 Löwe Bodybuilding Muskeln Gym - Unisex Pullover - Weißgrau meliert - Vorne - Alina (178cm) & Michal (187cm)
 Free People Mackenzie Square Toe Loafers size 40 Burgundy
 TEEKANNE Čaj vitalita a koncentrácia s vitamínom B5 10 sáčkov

--

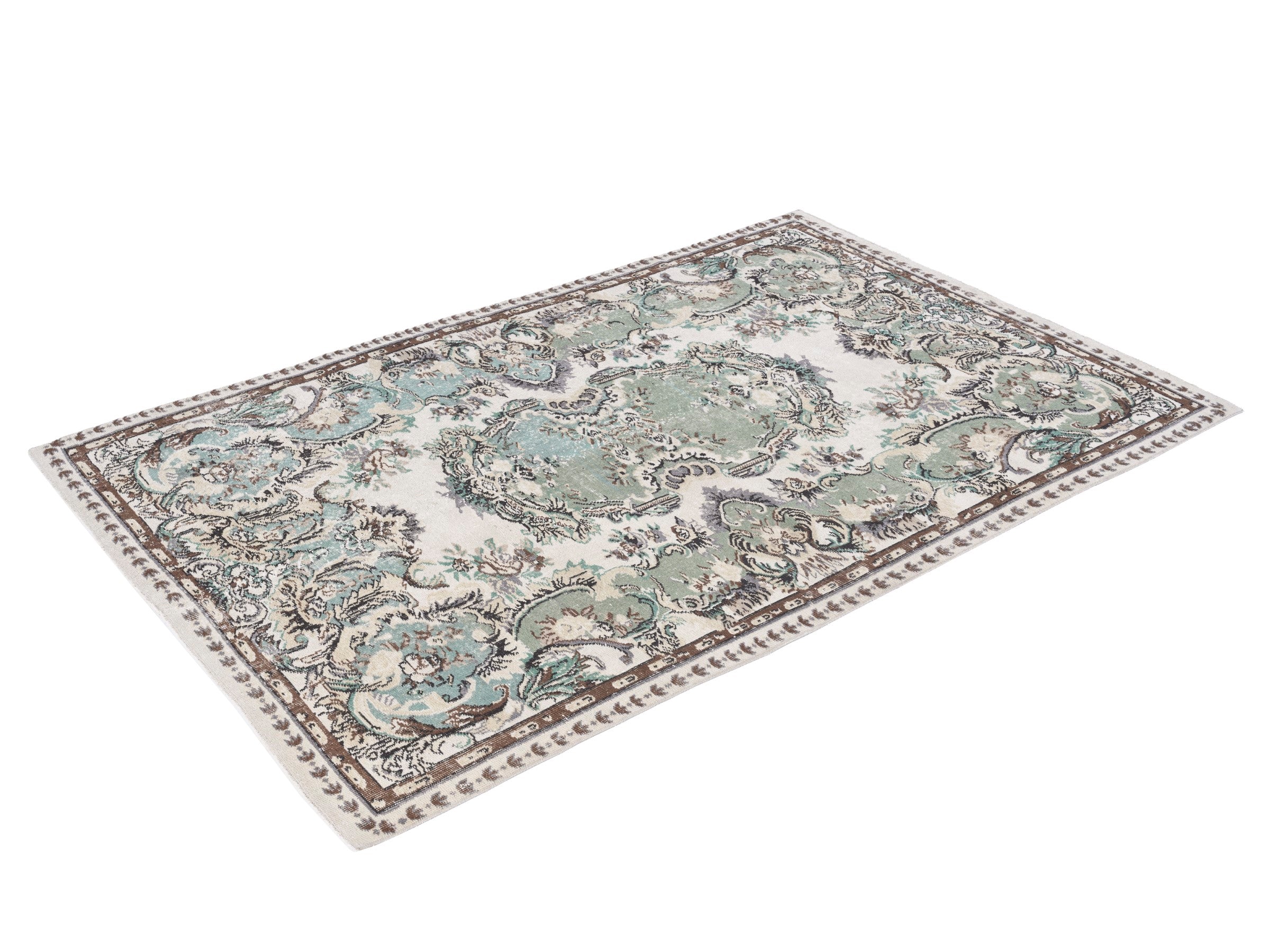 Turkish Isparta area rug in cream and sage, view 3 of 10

- **WORK REQUIRED**:
Using the entries above, output exactly the lines between the line holding "Löwe Bodybuilding Muskeln" and the line holding "TEEKANNE Čaj vitalita", end lines included, and nothing more.

- **OUTPUT OF THE EXERCISE**:
 Löwe Bodybuilding Muskeln Gym - Unisex Pullover - Weißgrau meliert - Vorne - Alina (178cm) & Michal (187cm)
 Free People Mackenzie Square Toe Loafers size 40 Burgundy
 TEEKANNE Čaj vitalita a koncentrácia s vitamínom B5 10 sáčkov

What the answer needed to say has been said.